▶ THE TASK
In the material below, find the line with "Women's Double Compartment" and the line with "Effortless Elegance: Plus". Output exactly those two lines and all lines between them, leaving out pictures.

▶ GIVEN RECORDS
------------------------------
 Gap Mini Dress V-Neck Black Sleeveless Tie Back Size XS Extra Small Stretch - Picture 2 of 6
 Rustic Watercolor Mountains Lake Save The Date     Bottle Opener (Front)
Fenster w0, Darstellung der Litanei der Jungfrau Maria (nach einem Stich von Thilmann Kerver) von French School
------------------------------
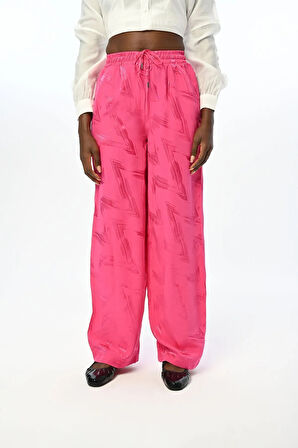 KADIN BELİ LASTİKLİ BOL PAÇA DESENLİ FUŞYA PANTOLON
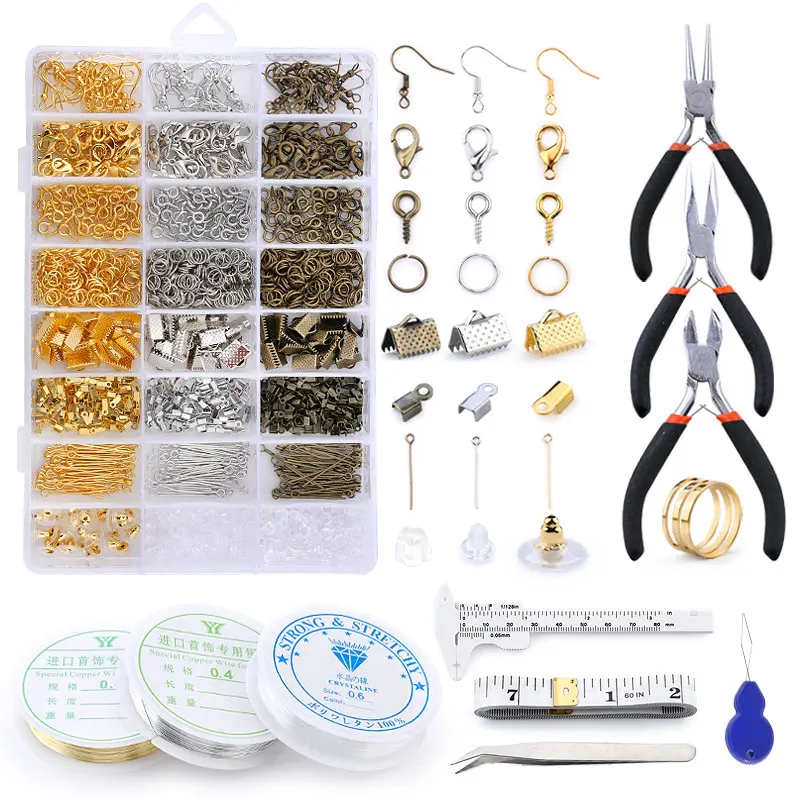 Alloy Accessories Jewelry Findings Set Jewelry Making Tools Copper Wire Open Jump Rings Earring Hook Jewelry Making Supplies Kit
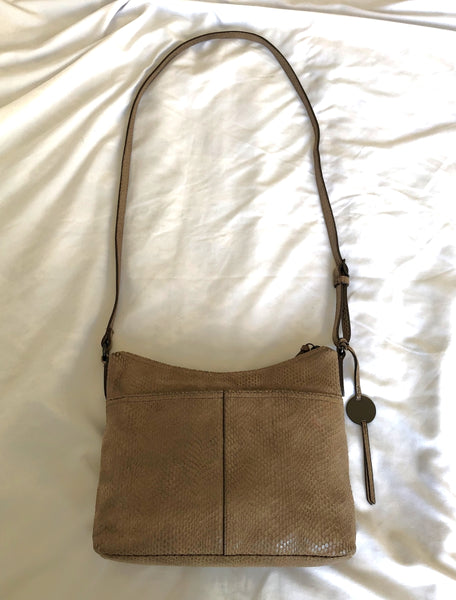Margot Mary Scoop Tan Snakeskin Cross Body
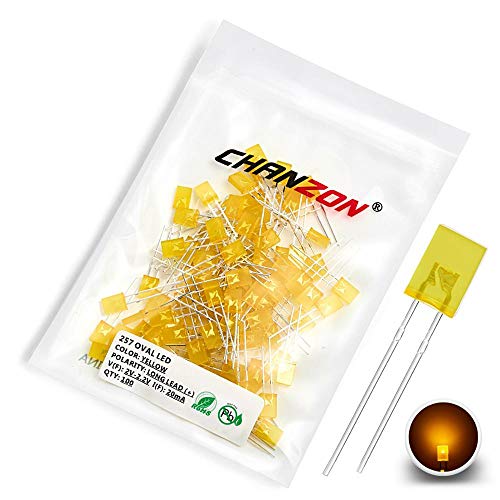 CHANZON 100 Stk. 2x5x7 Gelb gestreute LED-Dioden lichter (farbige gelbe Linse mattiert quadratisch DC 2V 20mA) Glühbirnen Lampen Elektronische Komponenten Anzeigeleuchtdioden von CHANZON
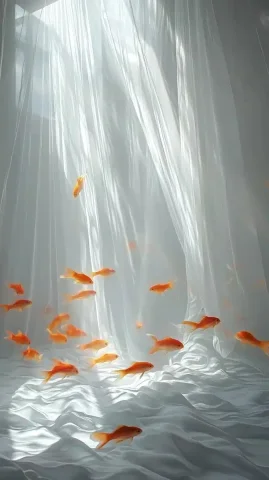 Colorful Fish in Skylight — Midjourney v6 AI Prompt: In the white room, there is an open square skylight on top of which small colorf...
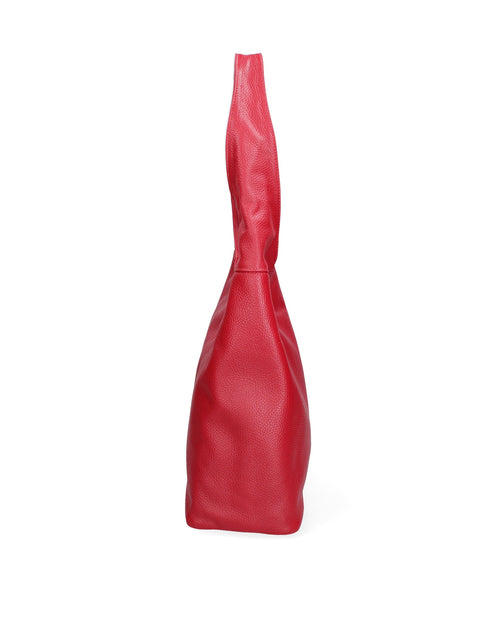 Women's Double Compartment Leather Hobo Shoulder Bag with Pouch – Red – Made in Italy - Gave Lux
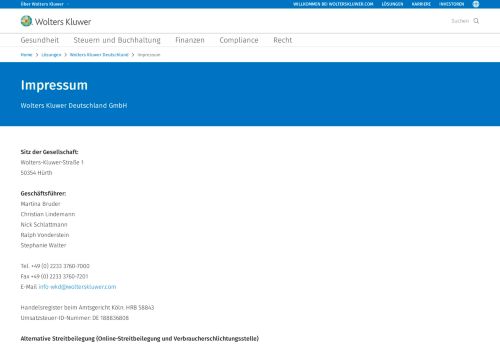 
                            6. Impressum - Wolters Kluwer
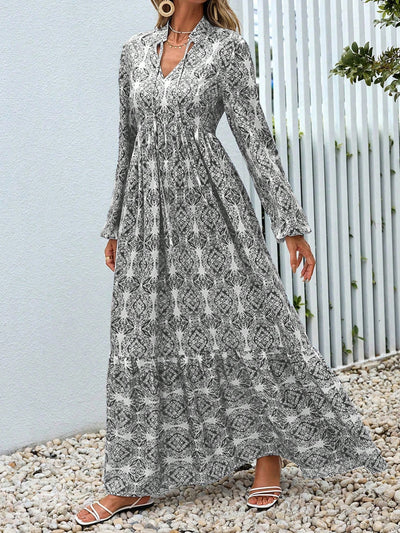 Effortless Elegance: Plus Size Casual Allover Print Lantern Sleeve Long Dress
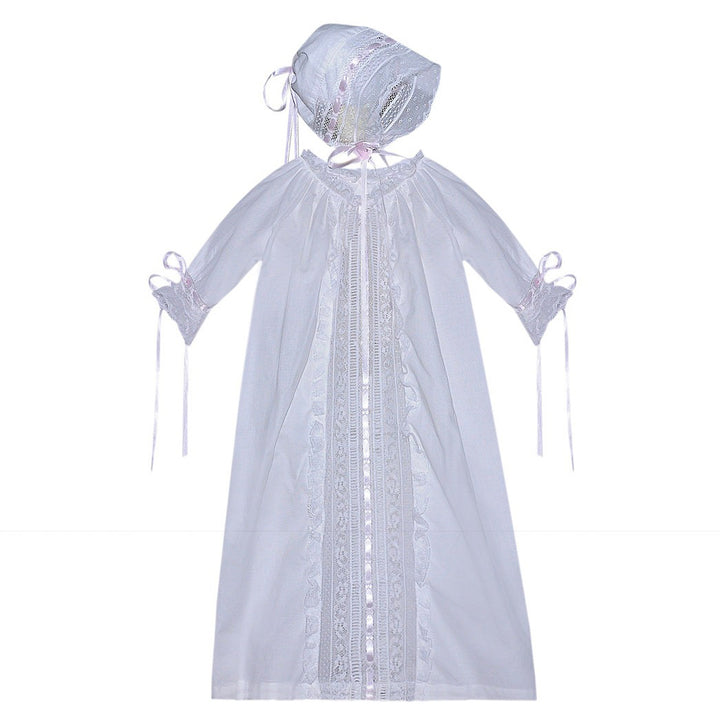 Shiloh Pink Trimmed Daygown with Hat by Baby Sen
------------------------------
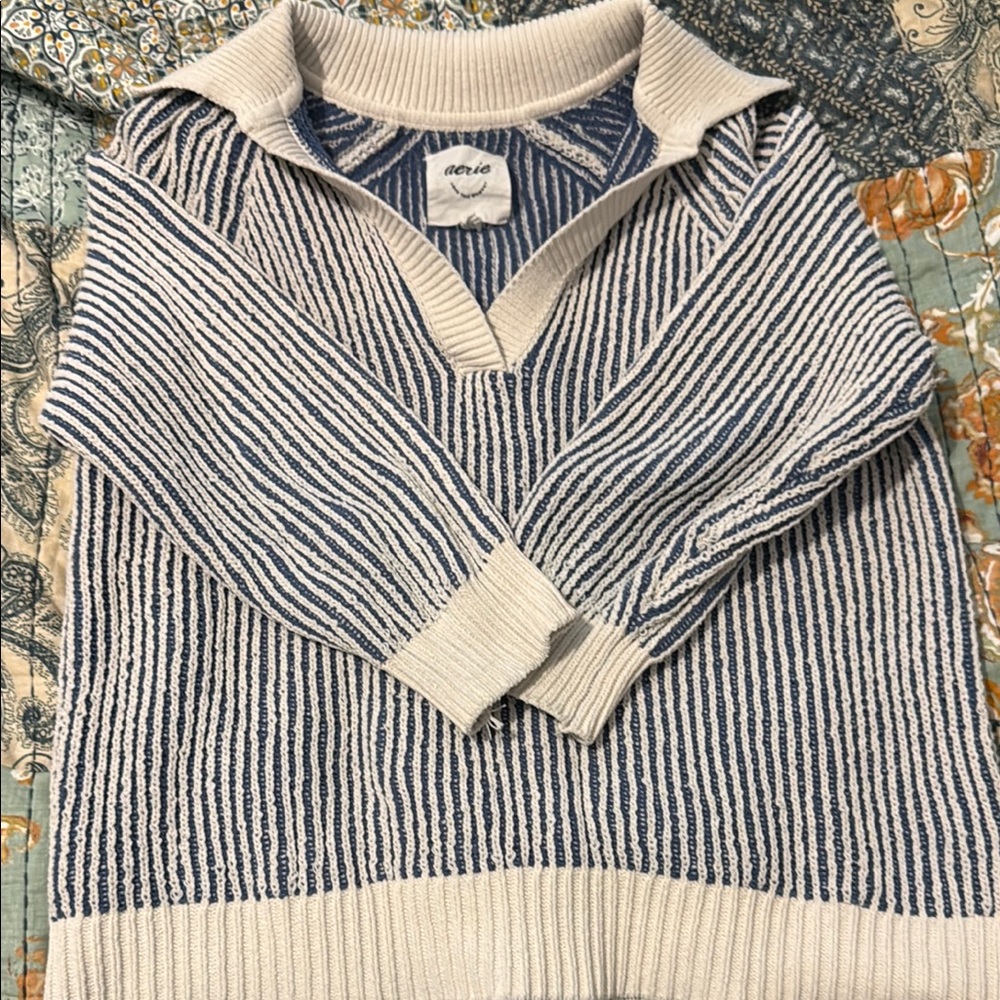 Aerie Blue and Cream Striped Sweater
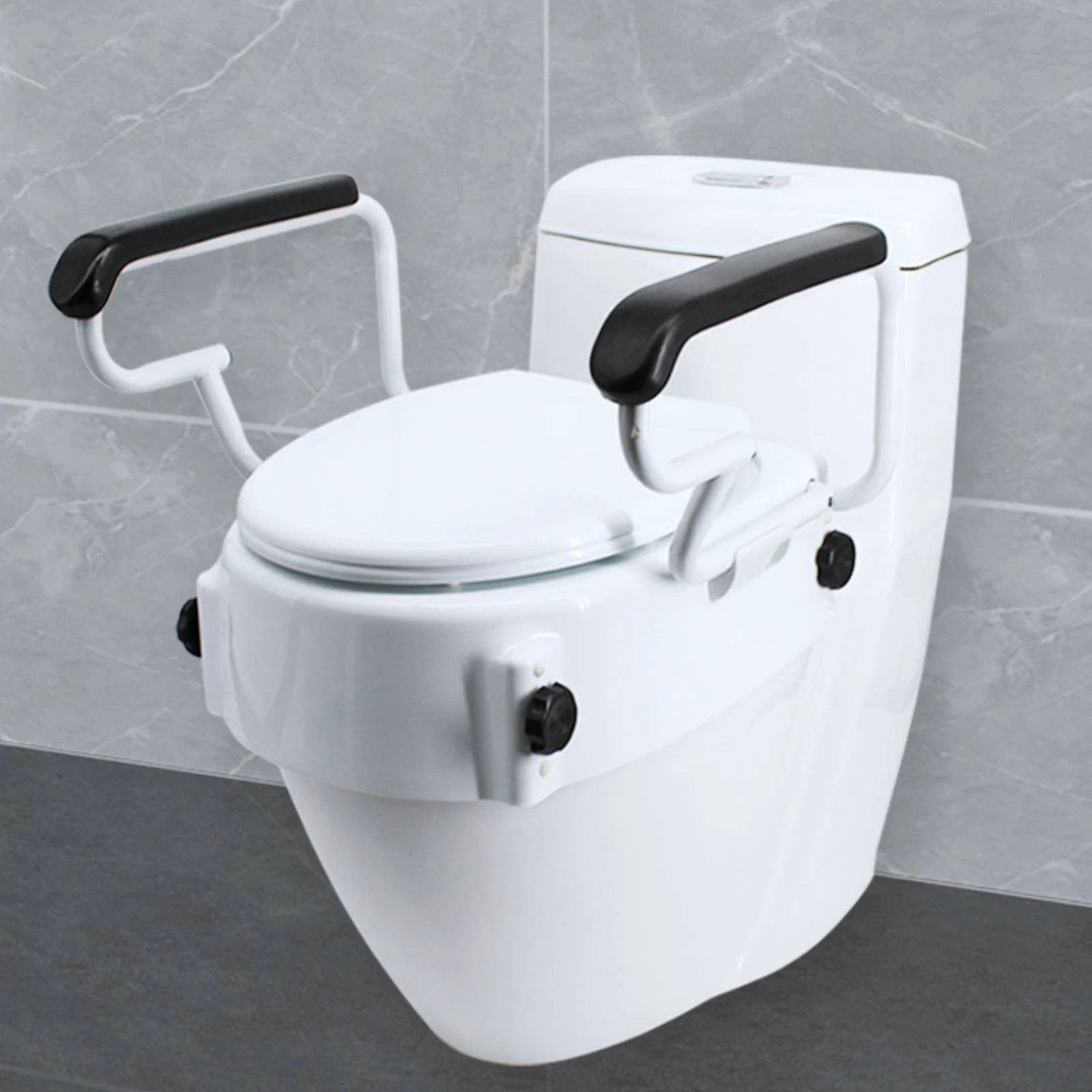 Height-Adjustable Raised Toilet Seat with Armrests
------------------------------
▶ ANSWER BELOW
 Women's Double Compartment Leather Hobo Shoulder Bag with Pouch – Red – Made in Italy - Gave Lux
                            6. Impressum - Wolters Kluwer
 Effortless Elegance: Plus Size Casual Allover Print Lantern Sleeve Long Dress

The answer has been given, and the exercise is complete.